Part of the economist’s work is to examine the relationship between the effects of the choices of individuals and communities which go beyond what is immediately being chosen. Consistent study over time of these relationships and the achievement of a certain degree of predictability about how these interdependencies affect each other is central to economic analysis. By identifying these relationships and sometimes even producing approximate quantifications of these relationships, economics assumes the analytical characteristics of a positive science, one that often focuses on understanding the reasons for discernible changes in economic activity.
This does not mean that the study of these relationships acquires the same degree of certainty that we find in some of the natural sciences. Alongside known side-effects, there are also unknown side-effects. Knowledge of all these known or unknown side-effects of choices is not possible for one economist or group of economists. No individual or group can know all the different side-effects of the choices of millions of people and the way they affect each other. There are therefore significant limits to economics’ capacity to make the type of predictions characteristic of the natural sciences.

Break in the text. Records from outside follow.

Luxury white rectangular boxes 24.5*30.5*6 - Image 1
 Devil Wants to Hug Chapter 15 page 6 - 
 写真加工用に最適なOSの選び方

The Limits of Thomistic Metaphysics
Grounding the economic technique on Thomist metaphysics or theology would not overcome these limits. But going too far down that path would also distract modern economics from realizing its immediate purposes which are not pursuing happiness per se or even justice for that matter. Those ends are the more direct focus of other disciplines such as philosophy as well as other spheres of human activity like religion, politics, and law. Of course modern economics can help, for instance, those charged with political authority to make the right decisions by providing them with forms of information which would not be otherwise obtainable. But trying to focus economics more immediately on all-round human flourishing or even a vision of happiness as compelling as that articulated by Aquinas would blunt its ability to contribute to decisions that help to build up those conditions (the political common good) that enable people to pursue happiness under their own volition.
Does this mean that we should settle for the unsatisfactory state of much contemporary economics that rightly concerns Hirschfeld? By no means. Rather, however, than seeking to submerge economics into Thomistic theological inquiry, present-day dissatisfaction with economics might be better channeled in other directions.
These might include closer definition of economics’ purposes, a clearer specification of the limits of economic analysis, a more careful delineation of economics’ relationship to other modes of inquiry, and deeper attention to the particular ways that economics can illuminate aspects of the truth that might otherwise lie dormant. These characteristics, accompanied by a sense that the particular knowledge obtained via the economic technique needs to integrated into a wider account of human choice and political action, offers some potential for a reordering of economics that would address Hirschfeld’s questions, but in ways that would preserve the greatest achievements of Adam Smith’s intellectual revolution.